User inputs include the video path, the output path, the model to use, the classes to detect, and the confidence threshold.

The model used is the YOLOv8 model that has been fine tuned on the [WALDO dataset](https://huggingface.co/StephanST/WALDO30). The dataset itself is not public, but the weights of this fine tuned model are available on Hugging Face. WALDO has been trained to identify 12 different objects. 0 = light vehicle; 1 = person; 2 = building; 3 = Utility pole; 4 = boat; 5 = bike; 6 = container; 7 = truck; 8 = gastank; 10 = digger (construction equipment); 11 = solar panels; 12 = bus. 

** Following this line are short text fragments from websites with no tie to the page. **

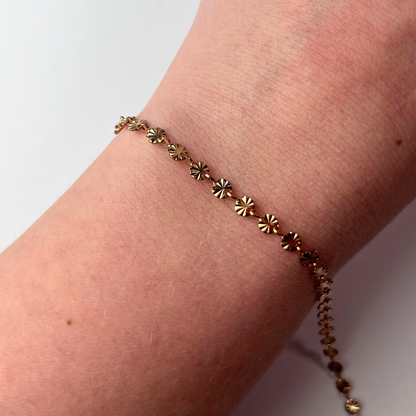 Flower Link Rose Gold Chain By the Foot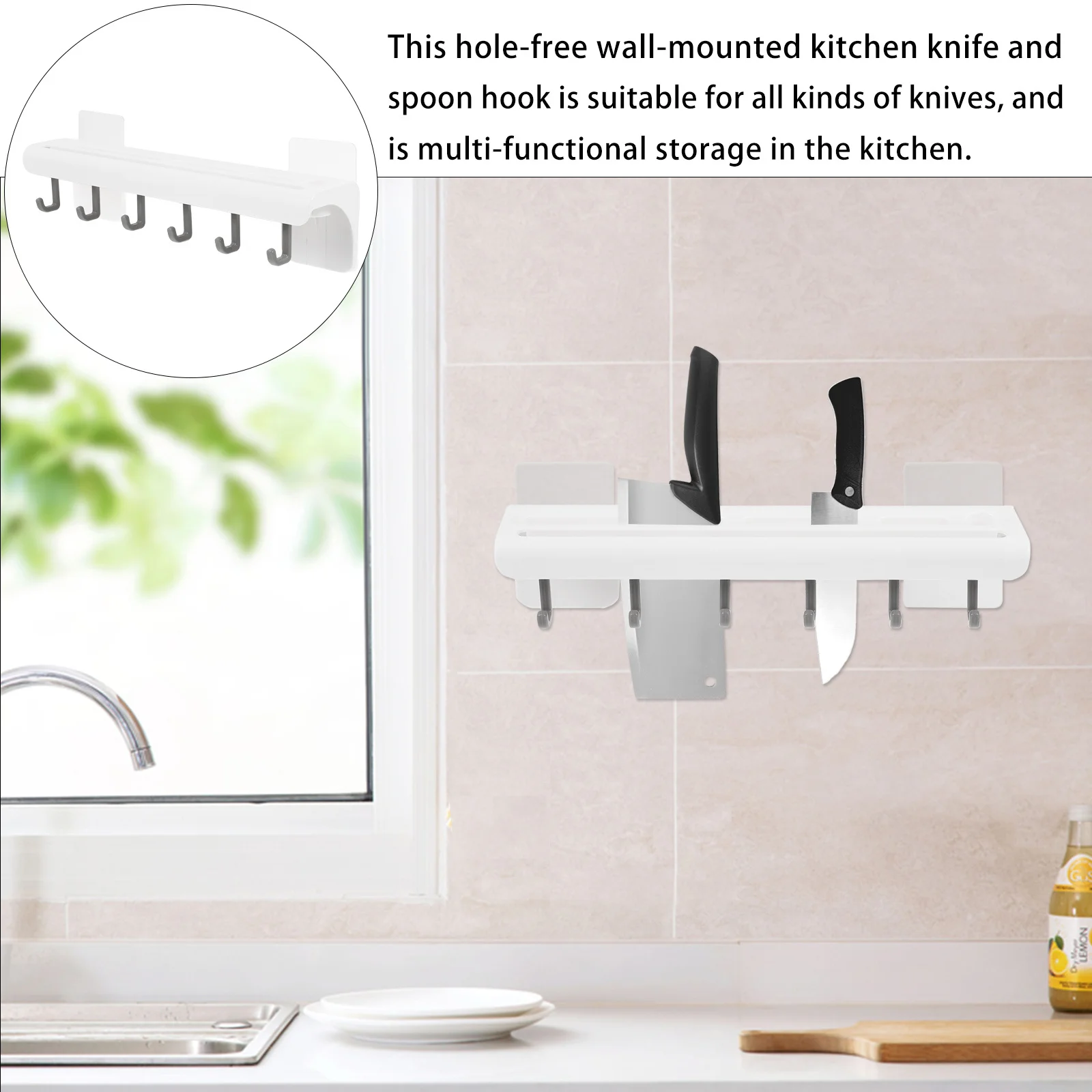 

Kitchen Utensil Rack Wall Mounted 6 Hooks 3 Knives Holder Rail Damage Hanging Utensil Holder Storage Mug Hooks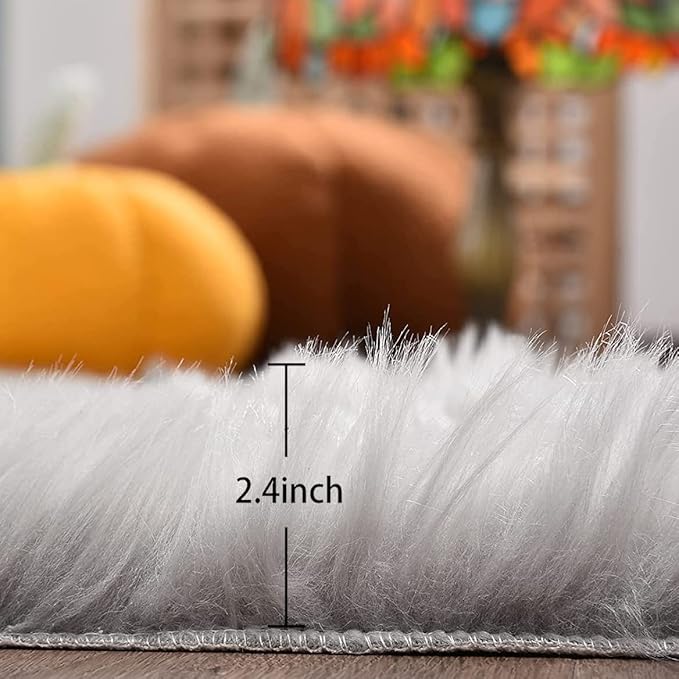 ORINOVA Light Gray Washable Fuzzy Fur Runner Rugs for Living Room Nursery Rugs for Bedroom Faux Sheepskin Shag Rug 2x6 Teen Room Décor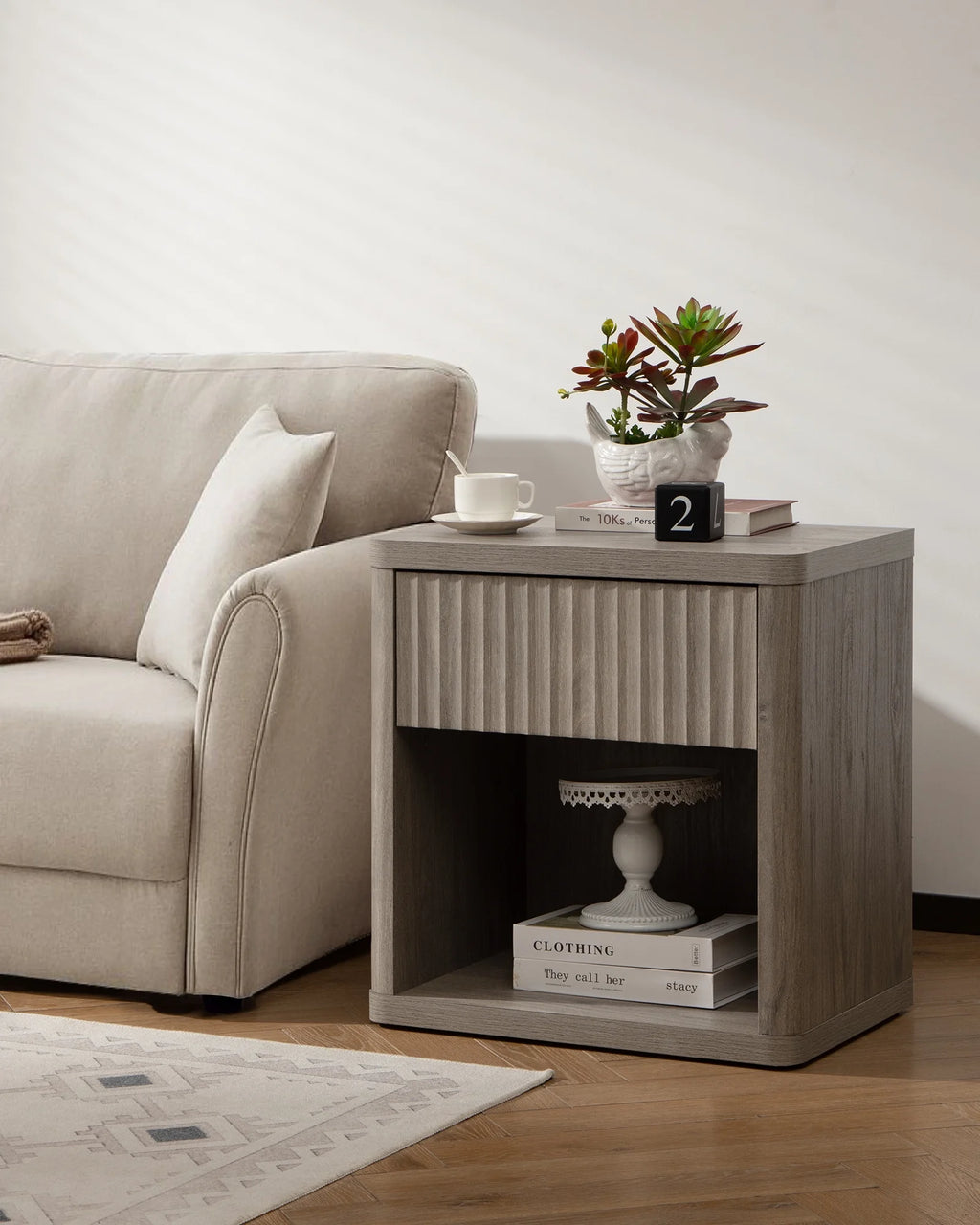 Gray Set of 2 Wood Nightstands with Drawer Y519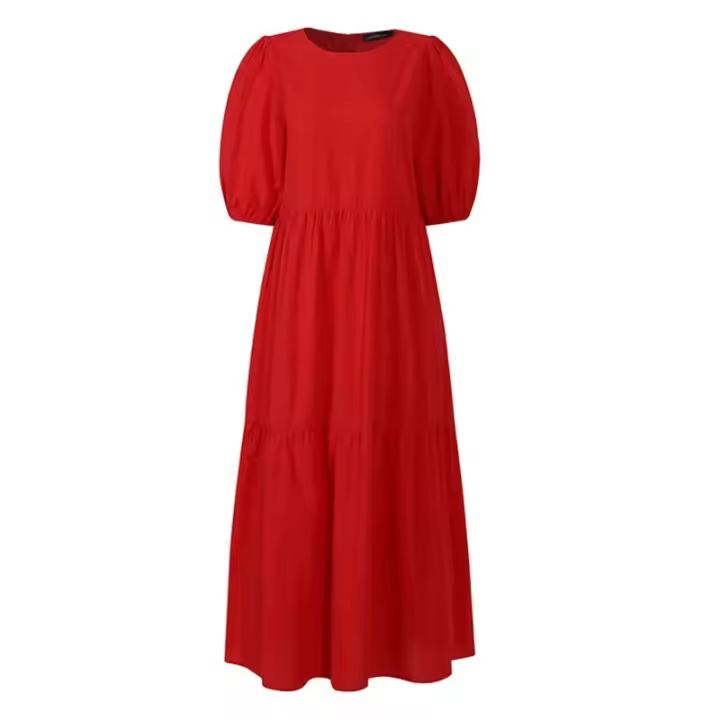 Vestido largo casual de verano para mujer 2025 con manga corta y cuello redondo sobredimensionado, vestidos elegantes para mujer, color sólido. - 1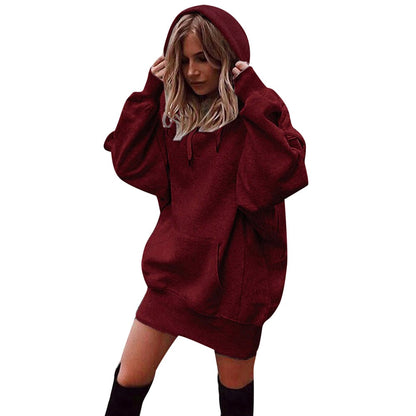 Feitong Winter Women Sweatshirt Hoodies Pullover Solid Girls Causal Long Sleeve Oversized Hoody Sweatshirt sudaderas mujer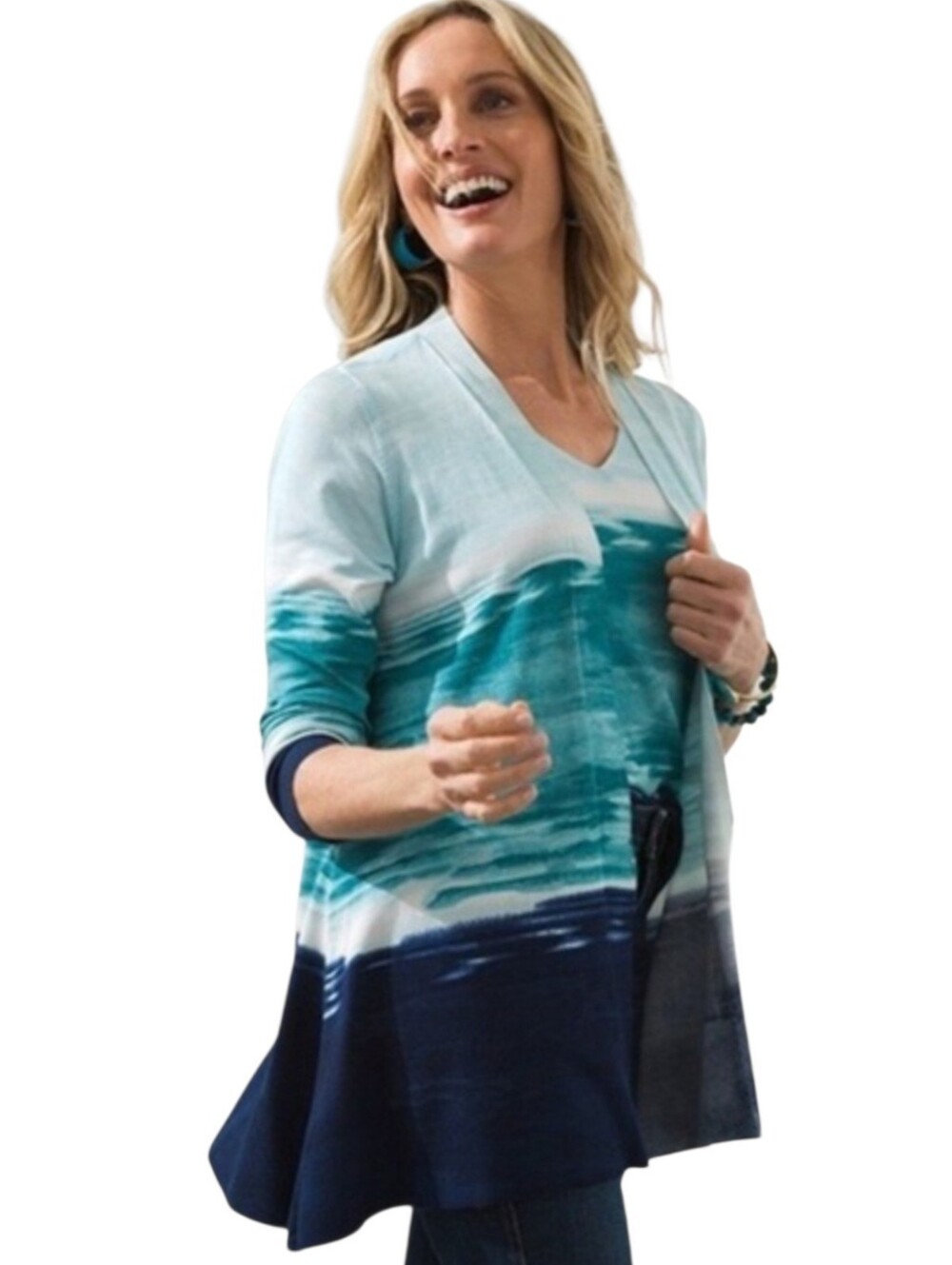 Chicos Coastal Blue & Green Open Cardigan Sweater Size Small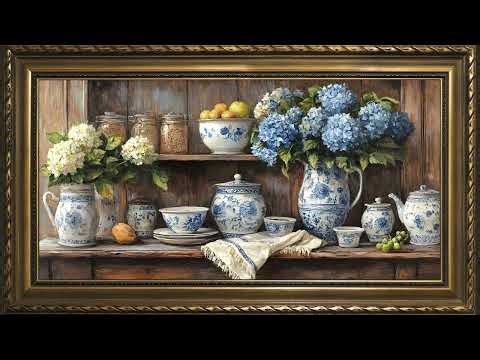 Hydrangeas and Porcelains, Rustic Vintage Oil Painting | Gold Framed TV Art Screensaver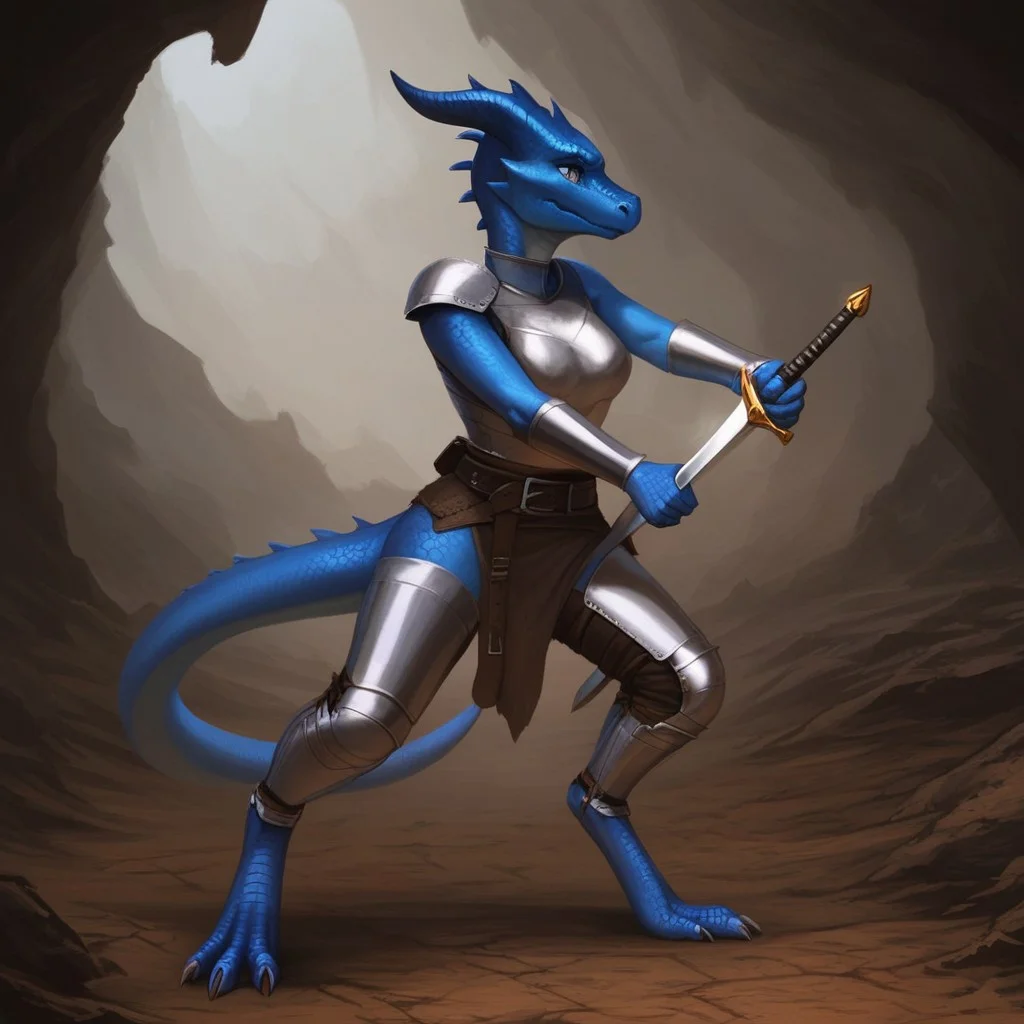 Realistic, 1girl, solo, full body, profile, in a cave, blue Kobold, furry dragon, tail, short stature, short, medium breasts, scales, scaly skin, knight armor, road sword, leather utility belt, bracelets, anklets, cute face, pale blue skin, fighting stance, worried look on face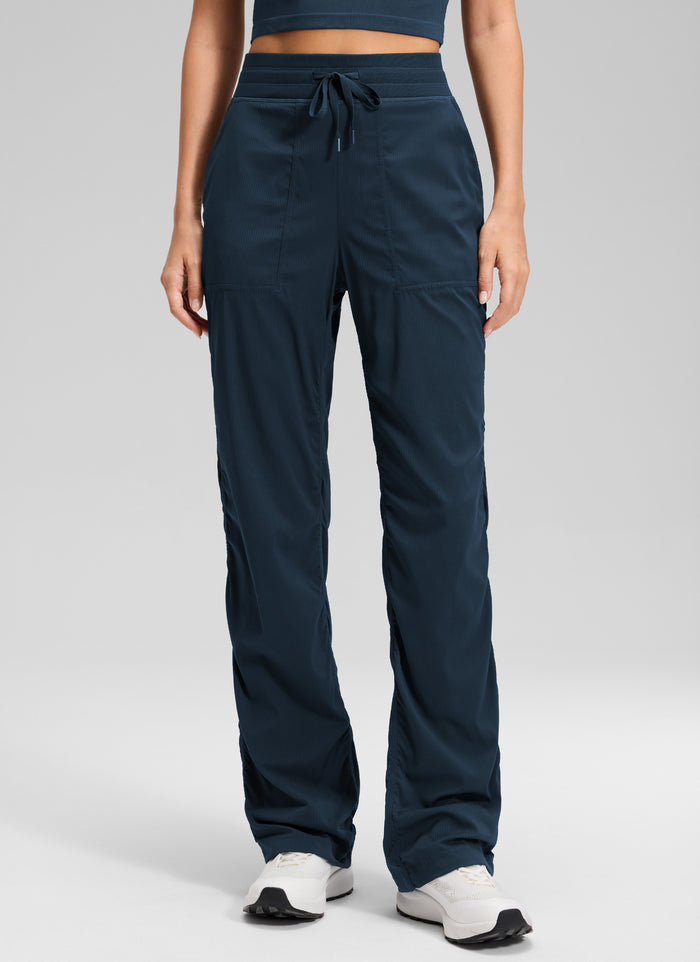 CRZ YOGA Women's Lightweight Drawstring Pocket Straight Leg Pant 32" Ink Blue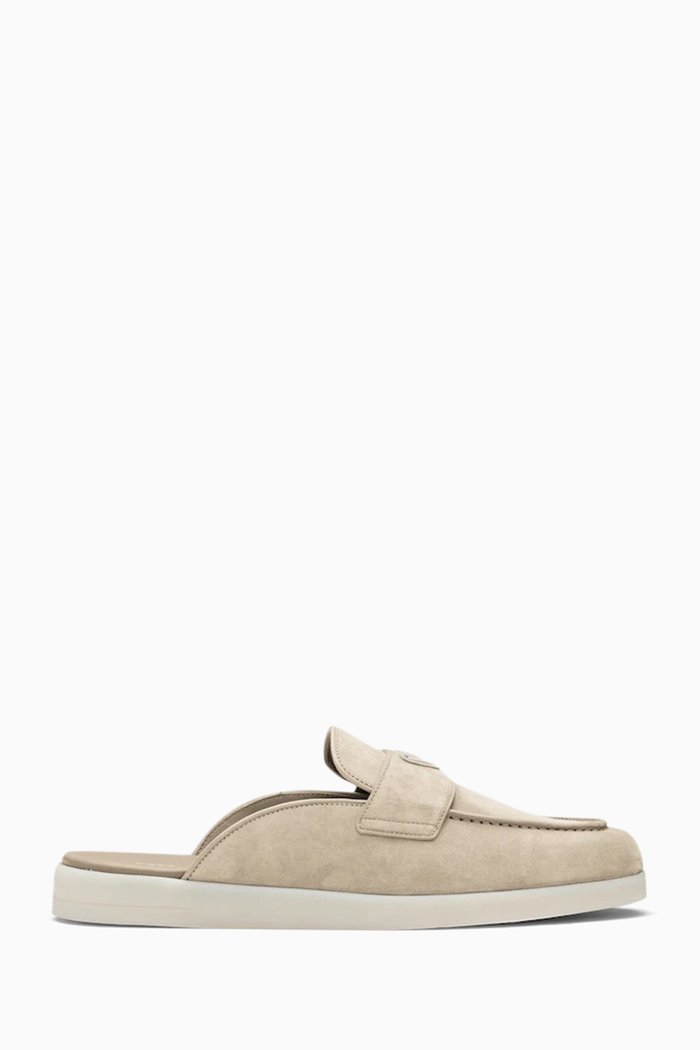 Saint Tropez Logo Mules in Suede, Neutral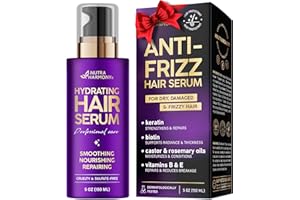 NUTRAHARMONY Hydrating Hair Serum – Keratin Hair Treatment for Dry, Frizzy, Damaged Hair – Biotin, Castor & Rosemary Oils – Anti‑Frizz, Heat Protectant & Split Ends Repair for Smooth, Shiny Hair, 5oz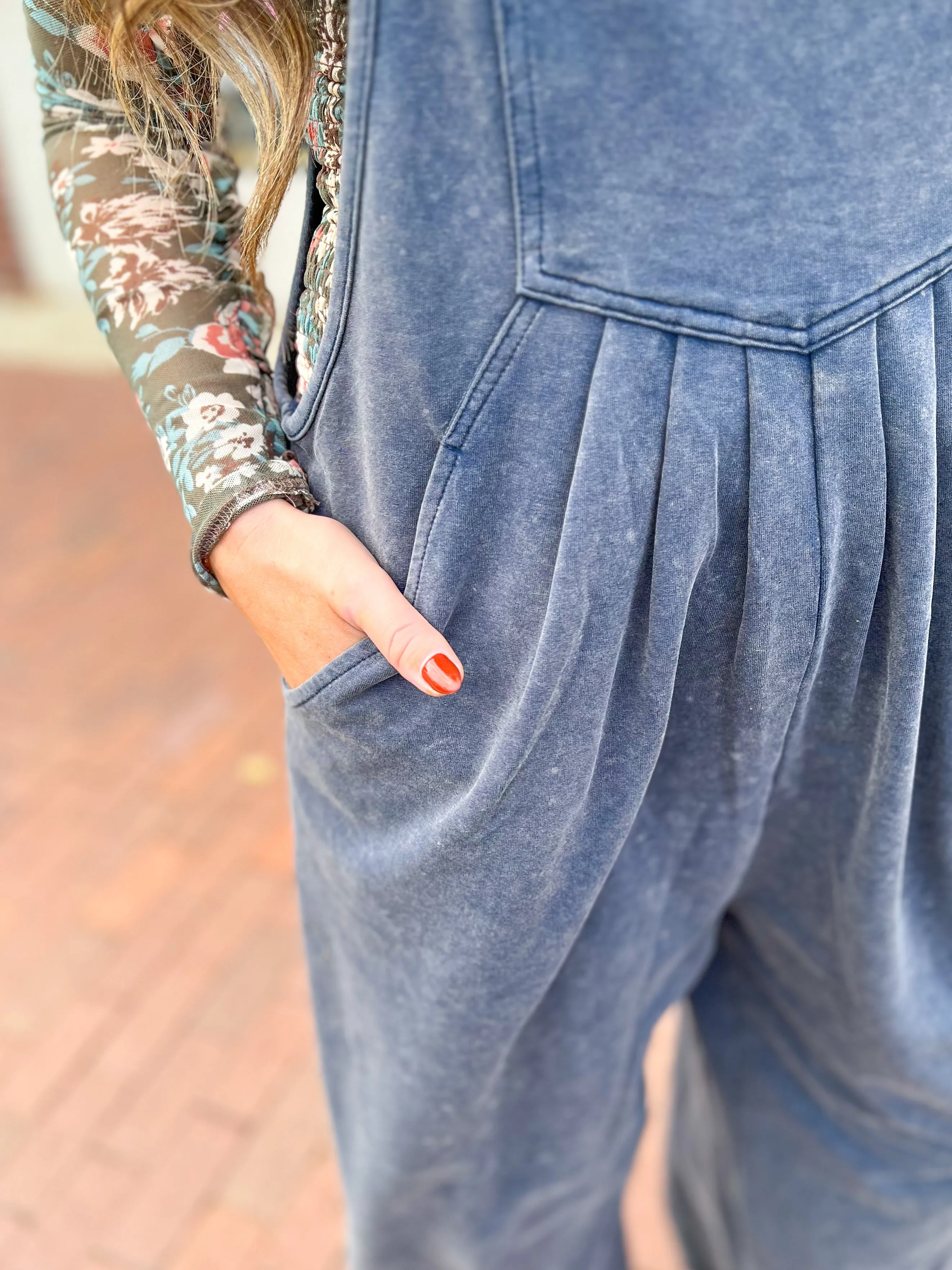 Washed Blue Knit Jumpsuit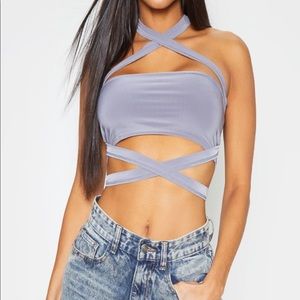 Grey slinky tie detail bandeau top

The WALDO fine tuned model is available on Hugging Face [here](https://huggingface.co/StephanST/WALDO30/resolve/main/WALDO30_yolov8m_640x640.pt?download=true).



In [None]:
import cv2
import sys
from sahi.auto_model import AutoDetectionModel
from sahi.predict import get_sliced_prediction
import supervision as sv
import numpy as np

In [None]:
## User defined parameters
input_video_path = '/home/jgillan/Documents/yolo_drone/2_italians.mp4'
output_video_path = '/home/jgillan/Documents/yolo_drone/2_italians_predict4.mp4'
model_path = '/home/jgillan/Documents/yolo_drone/WALDO30_yolov8m_640x640.pt'
TARGET_CLASSES = [0, 1] #eg, for vehicle & person
confidence_threshold = 0.5

slice_height = int(640)
slice_width = int(640)
overlap_height_ratio = float(0.1)
overlap_width_ratio = float(0.1)

In [None]:
###Runs the prediction and outputs a new mp4 video 

# Initialize the YOLOv8 model
detection_model = AutoDetectionModel.from_pretrained(
    model_type='yolov8',
    model_path=model_path,
    confidence_threshold=confidence_threshold,
    device='cuda'  # or 'cpu'
)


# Open input video
cap = cv2.VideoCapture(input_video_path)
width = int(cap.get(cv2.CAP_PROP_FRAME_WIDTH))
height = int(cap.get(cv2.CAP_PROP_FRAME_HEIGHT))
fps = cap.get(cv2.CAP_PROP_FPS)
fourcc = cv2.VideoWriter_fourcc(*"mp4v")


# Set up output video writer
out = cv2.VideoWriter(output_video_path, fourcc, fps, (width, height))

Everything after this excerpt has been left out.